There were also scenes / ideas that we created on the fly. It was always about having a post-apocalyptic vibe on the roof. The key to the flashback scenes -- both the bathroom and the office -- was to push into totally different emotional and visual territory. This helped Harlan, our actor, bring out more colors in the piece, and also allows the audience to fill in the gaps between: a) desolate roof b) bloody hands and c) flicking through photos in the office.
Amen to that Mark!
Yeah, dude. You killed it. Excited for the next one.
Ha! We recorded sound on exactly three shots, and then didn't use any of it. All the sound was done in post.
Let's also add Spike Jonze and P.T. Anderson to your list of lazy and unresourceful filmmakers. Or how about Albert Maysles, Werner Herzog? A pretty distinguished list of bush-leaguers, I'd say.

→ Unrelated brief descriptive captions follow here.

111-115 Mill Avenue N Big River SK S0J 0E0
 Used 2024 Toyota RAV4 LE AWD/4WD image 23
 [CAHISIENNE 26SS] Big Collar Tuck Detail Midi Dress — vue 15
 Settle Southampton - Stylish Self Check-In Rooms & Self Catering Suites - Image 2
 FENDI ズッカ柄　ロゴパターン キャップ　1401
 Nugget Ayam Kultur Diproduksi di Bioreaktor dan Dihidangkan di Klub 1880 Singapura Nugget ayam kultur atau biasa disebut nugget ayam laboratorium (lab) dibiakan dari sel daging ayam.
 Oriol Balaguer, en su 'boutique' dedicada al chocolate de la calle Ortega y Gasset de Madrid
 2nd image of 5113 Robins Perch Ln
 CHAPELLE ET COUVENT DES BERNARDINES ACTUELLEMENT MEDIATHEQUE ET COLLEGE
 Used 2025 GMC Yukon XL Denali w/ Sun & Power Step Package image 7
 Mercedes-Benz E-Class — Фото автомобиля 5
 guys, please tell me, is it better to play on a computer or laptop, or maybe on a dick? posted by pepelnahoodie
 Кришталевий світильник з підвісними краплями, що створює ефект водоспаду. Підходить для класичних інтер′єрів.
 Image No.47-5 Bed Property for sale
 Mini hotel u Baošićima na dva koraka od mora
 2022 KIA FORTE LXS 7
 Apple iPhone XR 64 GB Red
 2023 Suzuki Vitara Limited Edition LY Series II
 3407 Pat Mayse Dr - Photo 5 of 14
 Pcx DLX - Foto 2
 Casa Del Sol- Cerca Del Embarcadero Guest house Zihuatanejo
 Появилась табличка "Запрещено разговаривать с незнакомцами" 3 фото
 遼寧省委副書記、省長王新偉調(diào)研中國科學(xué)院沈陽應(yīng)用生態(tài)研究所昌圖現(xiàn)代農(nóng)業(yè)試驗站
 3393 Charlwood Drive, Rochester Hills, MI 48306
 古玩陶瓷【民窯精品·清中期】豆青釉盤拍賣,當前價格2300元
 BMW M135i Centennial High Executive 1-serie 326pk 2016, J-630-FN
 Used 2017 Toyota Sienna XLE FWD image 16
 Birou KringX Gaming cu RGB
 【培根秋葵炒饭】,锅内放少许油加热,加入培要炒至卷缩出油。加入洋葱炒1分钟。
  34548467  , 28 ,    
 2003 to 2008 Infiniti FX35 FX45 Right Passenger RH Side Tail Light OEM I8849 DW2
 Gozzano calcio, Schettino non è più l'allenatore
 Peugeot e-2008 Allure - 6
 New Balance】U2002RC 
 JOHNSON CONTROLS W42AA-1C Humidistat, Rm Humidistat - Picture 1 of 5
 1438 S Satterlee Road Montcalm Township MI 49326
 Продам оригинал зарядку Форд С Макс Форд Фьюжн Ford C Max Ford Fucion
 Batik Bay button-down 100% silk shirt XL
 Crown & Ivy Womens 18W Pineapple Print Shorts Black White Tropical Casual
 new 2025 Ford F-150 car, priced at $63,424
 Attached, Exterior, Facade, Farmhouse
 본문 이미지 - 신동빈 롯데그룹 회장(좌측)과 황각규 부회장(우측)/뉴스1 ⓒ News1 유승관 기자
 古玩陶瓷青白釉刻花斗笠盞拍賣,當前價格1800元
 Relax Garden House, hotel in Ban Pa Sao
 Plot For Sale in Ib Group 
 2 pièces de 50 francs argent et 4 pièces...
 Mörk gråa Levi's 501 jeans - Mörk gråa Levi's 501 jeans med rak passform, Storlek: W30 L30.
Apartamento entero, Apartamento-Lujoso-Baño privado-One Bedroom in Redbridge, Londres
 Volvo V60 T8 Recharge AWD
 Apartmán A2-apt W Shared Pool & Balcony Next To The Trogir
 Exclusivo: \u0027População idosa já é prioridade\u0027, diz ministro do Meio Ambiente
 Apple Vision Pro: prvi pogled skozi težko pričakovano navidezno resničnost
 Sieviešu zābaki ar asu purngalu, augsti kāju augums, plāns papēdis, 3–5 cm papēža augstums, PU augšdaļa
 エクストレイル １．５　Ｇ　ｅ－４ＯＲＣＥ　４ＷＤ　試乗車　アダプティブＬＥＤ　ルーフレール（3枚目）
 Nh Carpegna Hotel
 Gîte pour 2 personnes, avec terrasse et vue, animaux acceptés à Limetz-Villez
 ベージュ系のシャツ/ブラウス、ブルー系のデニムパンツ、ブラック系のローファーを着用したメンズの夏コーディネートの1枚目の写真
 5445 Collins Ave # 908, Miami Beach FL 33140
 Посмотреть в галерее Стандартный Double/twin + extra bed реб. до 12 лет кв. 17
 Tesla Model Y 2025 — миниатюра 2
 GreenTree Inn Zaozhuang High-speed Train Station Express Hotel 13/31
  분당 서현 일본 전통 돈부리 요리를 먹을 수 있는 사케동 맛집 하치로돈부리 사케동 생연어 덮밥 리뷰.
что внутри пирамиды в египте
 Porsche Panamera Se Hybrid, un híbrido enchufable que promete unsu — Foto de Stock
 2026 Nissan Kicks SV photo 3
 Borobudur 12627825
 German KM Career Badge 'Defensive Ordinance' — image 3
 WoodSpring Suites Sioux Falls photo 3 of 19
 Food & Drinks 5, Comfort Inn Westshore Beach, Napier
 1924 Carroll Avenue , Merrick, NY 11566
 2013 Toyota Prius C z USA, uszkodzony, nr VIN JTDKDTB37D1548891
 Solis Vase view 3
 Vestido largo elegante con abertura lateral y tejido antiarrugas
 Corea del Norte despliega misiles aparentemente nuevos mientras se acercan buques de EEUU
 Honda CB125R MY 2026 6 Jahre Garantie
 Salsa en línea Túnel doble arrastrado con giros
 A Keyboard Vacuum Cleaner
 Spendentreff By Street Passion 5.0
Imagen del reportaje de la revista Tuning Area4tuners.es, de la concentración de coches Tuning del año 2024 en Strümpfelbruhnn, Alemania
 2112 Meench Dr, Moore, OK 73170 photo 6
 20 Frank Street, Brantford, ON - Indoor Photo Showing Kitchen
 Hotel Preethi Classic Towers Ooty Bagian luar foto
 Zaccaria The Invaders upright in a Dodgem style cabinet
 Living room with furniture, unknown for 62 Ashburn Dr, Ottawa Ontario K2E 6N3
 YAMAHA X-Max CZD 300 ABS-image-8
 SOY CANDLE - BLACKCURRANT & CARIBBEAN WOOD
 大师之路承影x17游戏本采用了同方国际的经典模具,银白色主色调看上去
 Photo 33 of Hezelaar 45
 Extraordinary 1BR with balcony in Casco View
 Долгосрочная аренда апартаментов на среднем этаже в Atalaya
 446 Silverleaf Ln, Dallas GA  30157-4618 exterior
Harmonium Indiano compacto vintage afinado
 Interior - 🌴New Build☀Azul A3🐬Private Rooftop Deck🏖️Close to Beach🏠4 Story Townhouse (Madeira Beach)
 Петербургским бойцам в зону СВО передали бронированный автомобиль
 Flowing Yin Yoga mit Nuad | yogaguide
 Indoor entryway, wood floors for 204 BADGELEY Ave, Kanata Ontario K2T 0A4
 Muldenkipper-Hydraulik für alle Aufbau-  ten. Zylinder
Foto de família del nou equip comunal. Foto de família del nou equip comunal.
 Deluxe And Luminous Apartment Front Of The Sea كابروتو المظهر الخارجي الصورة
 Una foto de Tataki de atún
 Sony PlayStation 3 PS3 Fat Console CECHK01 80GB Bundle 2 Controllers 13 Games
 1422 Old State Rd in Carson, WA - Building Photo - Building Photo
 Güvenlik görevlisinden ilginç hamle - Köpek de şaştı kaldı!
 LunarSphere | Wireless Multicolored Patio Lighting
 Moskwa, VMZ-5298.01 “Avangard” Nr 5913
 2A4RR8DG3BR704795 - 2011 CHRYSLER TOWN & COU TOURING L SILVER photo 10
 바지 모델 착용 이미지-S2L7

Or, maybe... You push yourself to make great art.
In case you forgot, I actually led the whole section by suggesting that you produce well enough that stealing locations isn't a necessity. And preparation has been a major theme in all the posts in this series.
Lastly, take a look at the video I posted. Tell me how sneaking into that warehouse hurt the local film community. Please.
That's the beauty of the moment we're in film-wise. Many people dont suspect that a DSLR is actually rolling footage so you're able to get shots as a one man band that you couldn't get any other way. But as Alex points out: be careful.